(Crawled caption data)
________

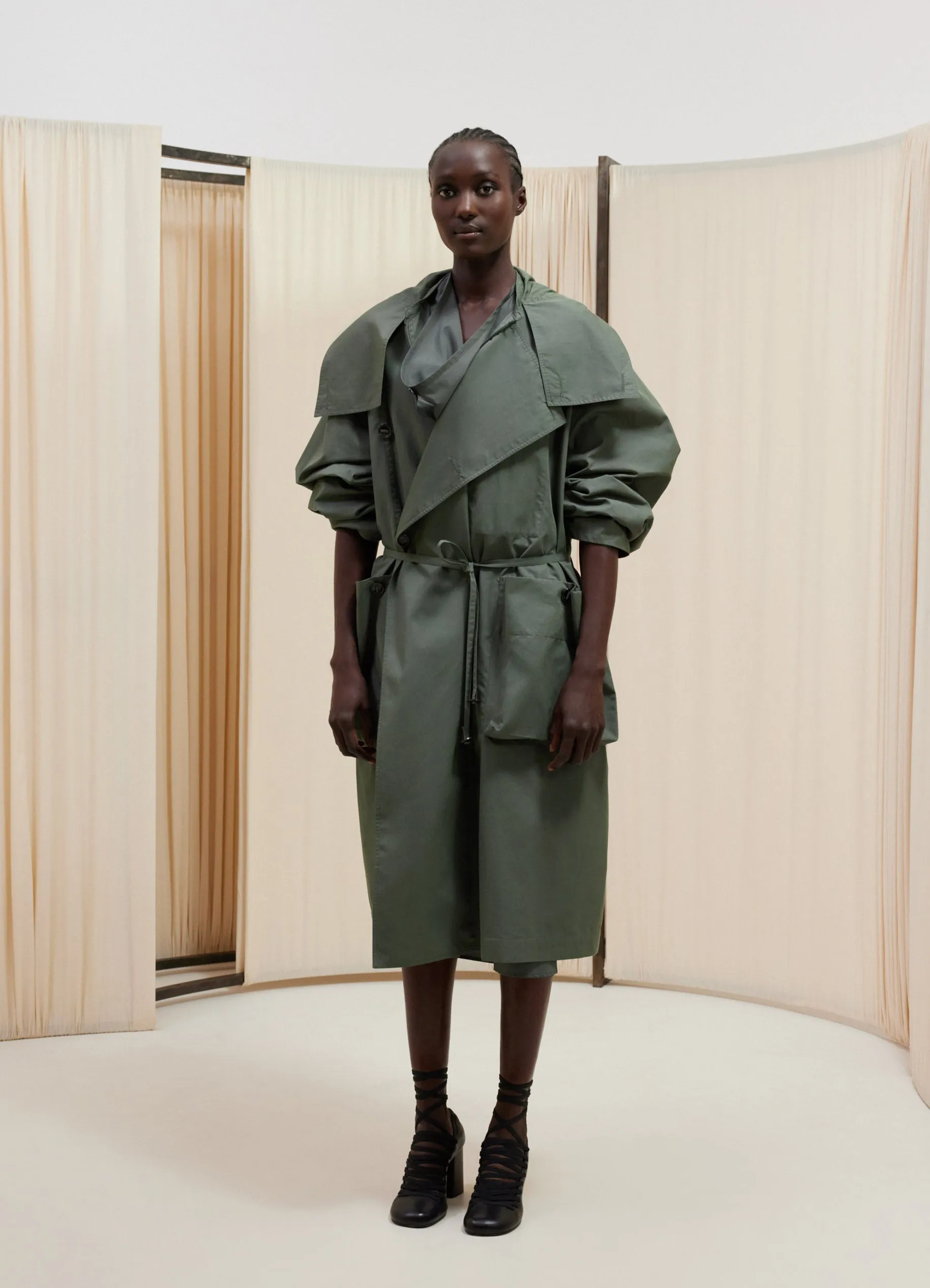 LIGHT ASYMMETRICAL COAT sold by Lemaire product image thumbnail 2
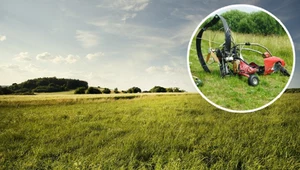 Motoparalotnia spadła na pola w okolicach Zamościa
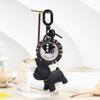 3D French Bulldog Keychain - Cute Dog Figurine for Bags & Cars, Small Gift Pendant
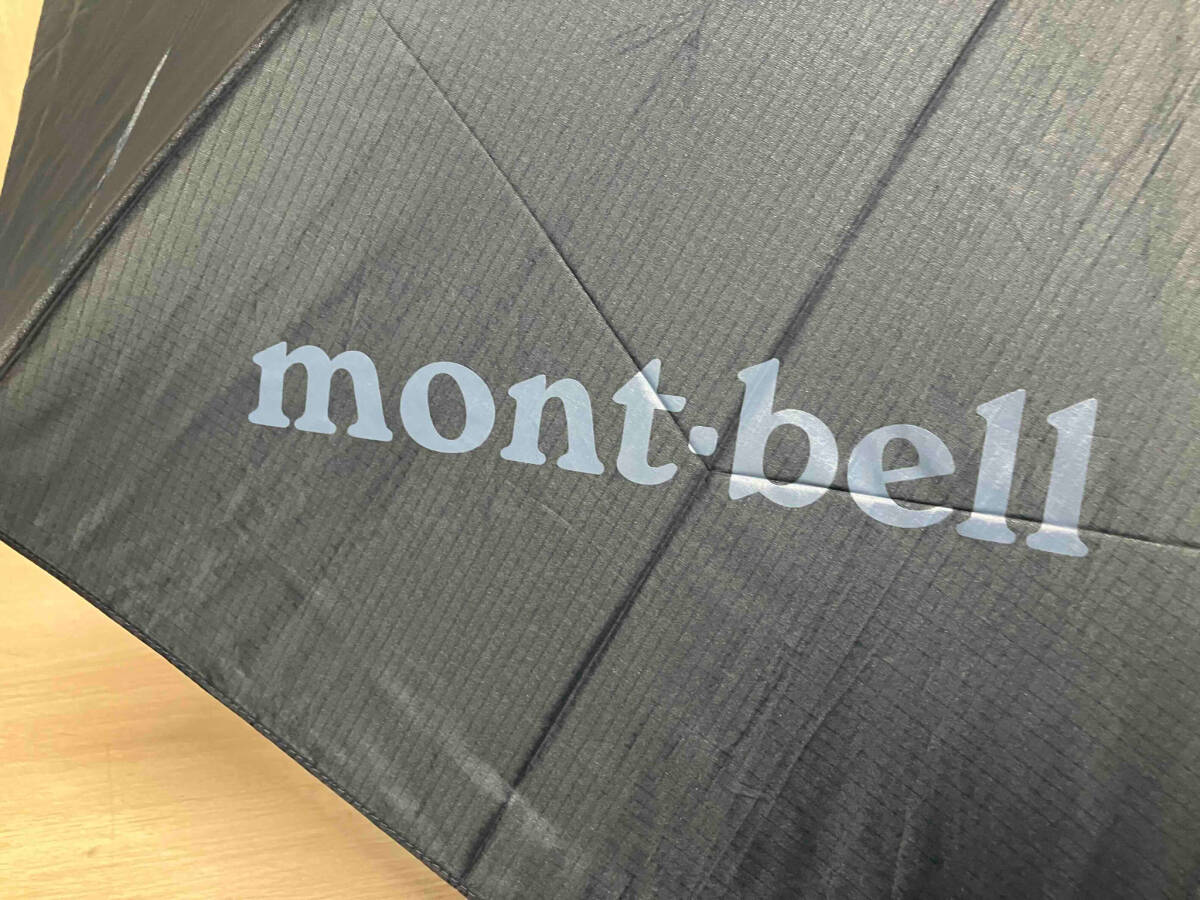 ブルーブラック【美品ダグ付き】mont-bellモンベルトレッキングアンブレラ折りたたみ傘150g親骨の長さ55cmの画像4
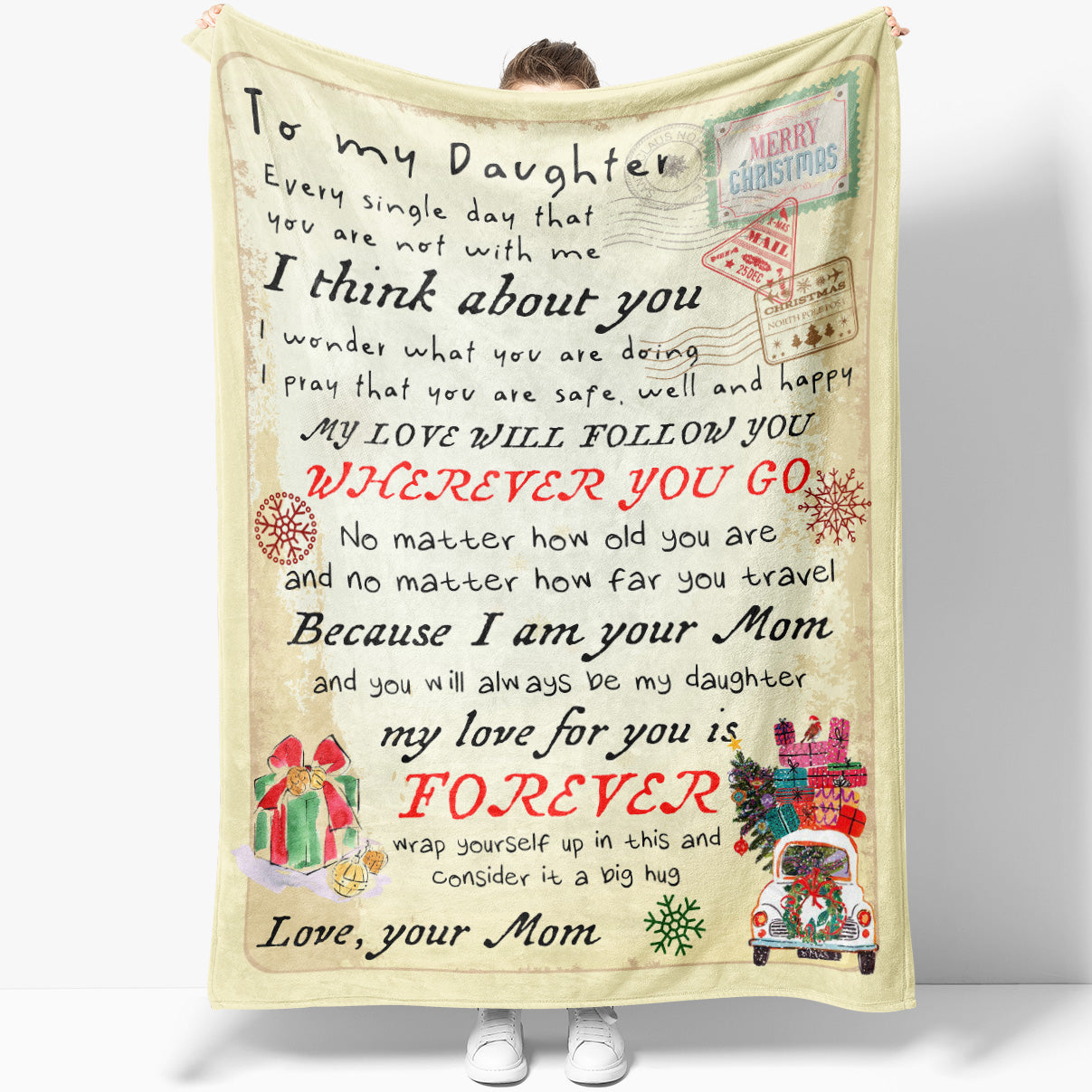 Blanket Gifts For Adult Daughter, Sentimental Gifts For Daughter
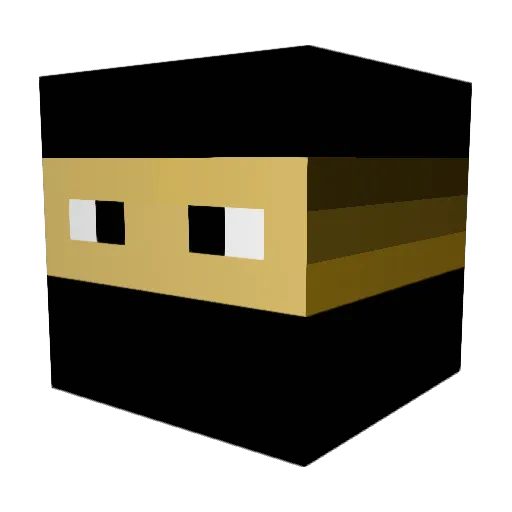 xv_Max_453 Minecraft avatar head, 3D render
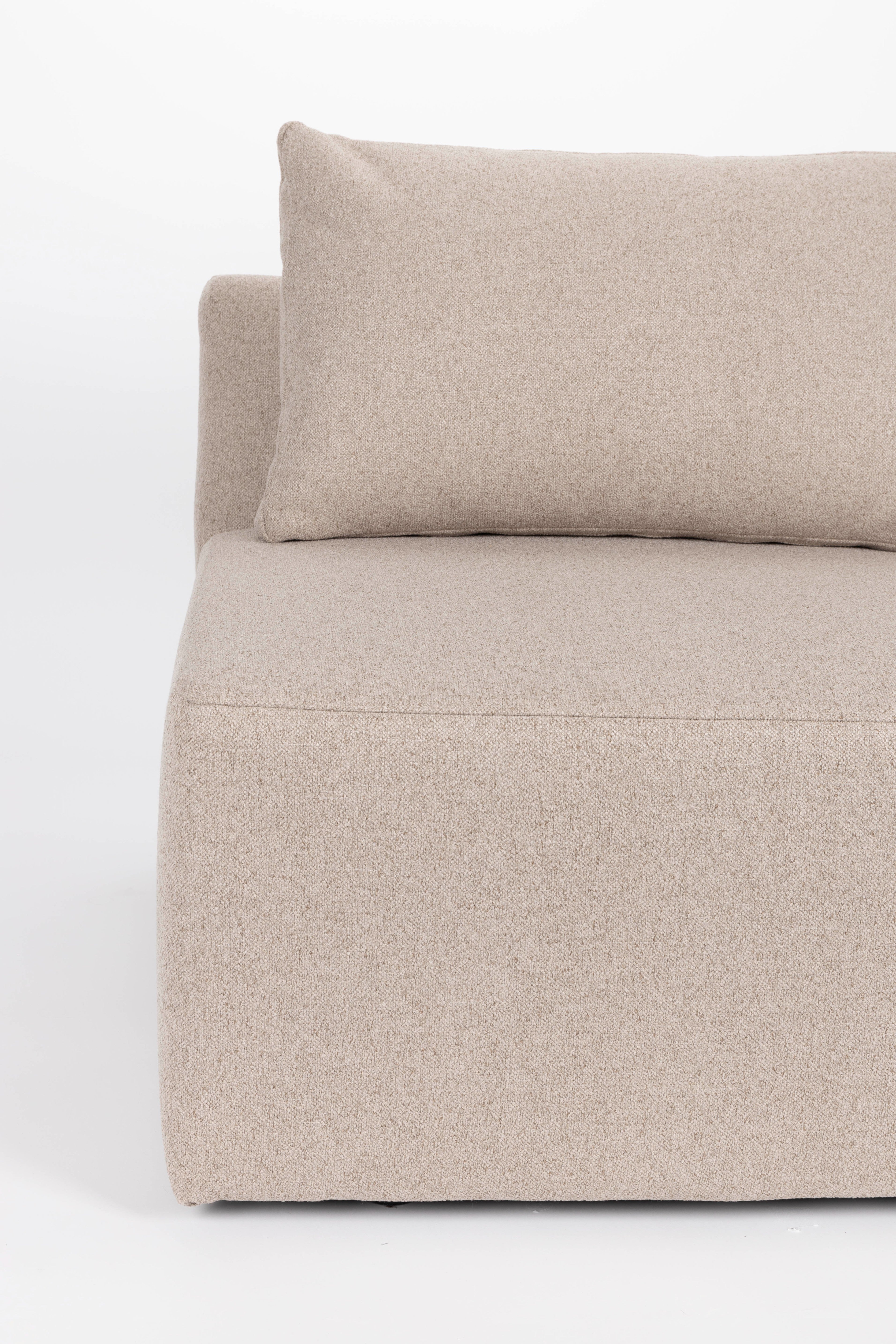 Modulares Sofa PROSPER - Endelement rechts cappuccino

________

REQUIRED WORK - Write out exactly, and only, the lines running from the line with "xv_Max_453 Minecraft avatar head, 3D render" to the last line above, both included, with all pictures omitted.

ANSWER SPACE -
 xv_Max_453 Minecraft avatar head, 3D render
 Modulares Sofa PROSPER - Endelement rechts cappuccino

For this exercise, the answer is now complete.